For the short fanfiction thing, KOMAHINA IN 42 PLEASE, THANK YOU AND HAVE A WONDERFUL DAY <333

42. “I don’t know if I should kiss you or slap you.”

He pauses, looking up at Hinata with slightly wide eyes. The brown haired boy looks pretty angry, but he can’t imagine why. If anything, he thought the truth about his plan during the first murder would make him feel more relieved - his boyfriend hadn’t been intending to kill anyone, after all. Why did he look so angry?

“…Well, of course, you’re free to do either, Hajime -”

“Stop it!” Hinata shakes his head, looking away, at the ground, mumbling swears and curses.
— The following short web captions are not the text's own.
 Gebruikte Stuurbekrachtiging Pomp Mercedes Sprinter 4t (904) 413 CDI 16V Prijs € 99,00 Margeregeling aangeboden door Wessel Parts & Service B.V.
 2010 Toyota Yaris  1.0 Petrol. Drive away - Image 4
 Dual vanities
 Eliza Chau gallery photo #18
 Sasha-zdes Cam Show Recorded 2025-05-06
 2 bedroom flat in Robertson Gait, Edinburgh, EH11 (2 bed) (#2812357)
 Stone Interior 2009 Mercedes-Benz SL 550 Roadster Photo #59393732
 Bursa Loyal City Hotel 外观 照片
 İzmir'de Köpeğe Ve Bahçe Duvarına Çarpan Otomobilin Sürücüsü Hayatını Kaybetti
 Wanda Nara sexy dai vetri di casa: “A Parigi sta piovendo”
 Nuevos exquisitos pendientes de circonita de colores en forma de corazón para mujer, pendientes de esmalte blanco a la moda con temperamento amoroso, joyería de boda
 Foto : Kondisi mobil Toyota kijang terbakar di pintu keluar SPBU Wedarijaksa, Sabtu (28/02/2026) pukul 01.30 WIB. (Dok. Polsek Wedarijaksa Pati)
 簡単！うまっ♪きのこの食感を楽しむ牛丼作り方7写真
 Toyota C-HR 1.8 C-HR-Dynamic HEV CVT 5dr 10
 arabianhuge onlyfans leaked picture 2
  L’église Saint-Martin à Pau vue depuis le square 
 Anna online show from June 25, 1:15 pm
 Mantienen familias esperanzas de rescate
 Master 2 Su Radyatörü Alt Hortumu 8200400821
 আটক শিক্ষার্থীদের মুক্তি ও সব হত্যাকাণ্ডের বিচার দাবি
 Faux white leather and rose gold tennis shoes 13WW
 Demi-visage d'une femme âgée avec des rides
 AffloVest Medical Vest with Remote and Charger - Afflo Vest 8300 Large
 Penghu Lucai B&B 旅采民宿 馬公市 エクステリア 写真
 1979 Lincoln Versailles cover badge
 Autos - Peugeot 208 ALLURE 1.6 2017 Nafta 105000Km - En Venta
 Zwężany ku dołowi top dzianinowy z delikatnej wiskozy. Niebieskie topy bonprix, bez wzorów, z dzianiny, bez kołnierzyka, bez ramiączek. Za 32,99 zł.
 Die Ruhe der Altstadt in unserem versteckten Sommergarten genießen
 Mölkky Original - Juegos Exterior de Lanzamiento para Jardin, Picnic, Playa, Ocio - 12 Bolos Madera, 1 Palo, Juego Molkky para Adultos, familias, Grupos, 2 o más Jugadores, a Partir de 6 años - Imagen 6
Komaeda hums in confusion, but doesn’t speak up for the moment. Why is he so upset…?

“Dammit…dammit….just…Nagito…you were trying to get yourself killed!?”

“…Well, if you look at the evidence, I would have thought it’d be obvious.” He laughs softly, curling a particularly stubborn lock of his hair around his finger, “even I know it’s a stupid idea to kill someone in the dark with a knife that’s glowing, after all!”

“…God.” Hinata groans, burying his face in his hands. Komaeda isn’t exactly sure what to do - isn’t even sure what could be wrong.

“…I have to admit, I thought you’d be relieved, haha.” He shakes his head, “I thought the reason you were angry with me was because you were upset I’d tried to kill someone -”

“That’s not it!”

Before Komaeda can speak, Hinata’s grabbed his collar, pushing him against the wall, anger and frustration in his gaze. He’s crying, Komaeda dimly realizes in astonishment, though the tears have yet to flow past his eyes. He stays silent, unsure of what to say. Maybe he never should have explained…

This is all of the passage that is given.